To say defence is Northland's Achilles heel this Mitre 10 Cup campaign is an understatement. It's becoming septic and the sobering news is Waikato lie in wait in the semifinals this weekend.
Shorn of some key players, the Taniwha gave it their all bar their heart and soul in defence to narrowly lose 38-35 to Bay of Plenty in Tauranga during the last round-robin match on Saturday.
Northland missed 19 tackles to Bay of Plenty's just two in the first spell and the hosts were four tries up after 28 minutes to secure a first half bonus point.
Time in opposition 22 was six to one in favour of the Steamers in the opening half.
Let's be clear on that— those stats weighed heavily against Northland and they still came within a whisker of winning.
Perhaps that's the saddest thing of all to contemplate.
What does that say about them? Well, it means the pressure Northland coaches were under to get aspects of the team's game, and defence in particular, right has now doubled.
That those who sat out the game on Saturday will likely return for the knockout match at FMG Stadium in Hamilton matters not a jot because they have been just as guilty in the past of falling off far too many one-on-one tackles.
There has to be more to come.
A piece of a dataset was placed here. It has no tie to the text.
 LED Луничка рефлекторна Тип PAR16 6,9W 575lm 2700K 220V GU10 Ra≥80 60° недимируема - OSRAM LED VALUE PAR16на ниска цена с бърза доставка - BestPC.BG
Even if it is now the wild optimism of the deluded, there has to be more to come.
Despite having the breeze in their favour last weekend, Northland opted to run the ball rather than play a territorial game and found themselves pinned in their own half for most of the opening half.
Their lineout went awry whenever they were hoping for some go-forward ball.
Their defence didn't hold firm when the hosts indulged in a little of the unexpected and their basics of pass and catch were only good up to a point.
The Steamers, not one of the heavyweights of this competition, were at least good enough to capitalise on the chaos faced.
Northland wing Scott Gregory booting the ball 105 metres over the deadball line from a defensive scrum suggests the absence of a no-nonsense, clear-headed, bold character that ensured they played with obvious conviction and direction.
With a booming right boot, first five Jack Debreczeni should have been the first receiver off the back of the scrum to hoof the ball into touch in opposition territory.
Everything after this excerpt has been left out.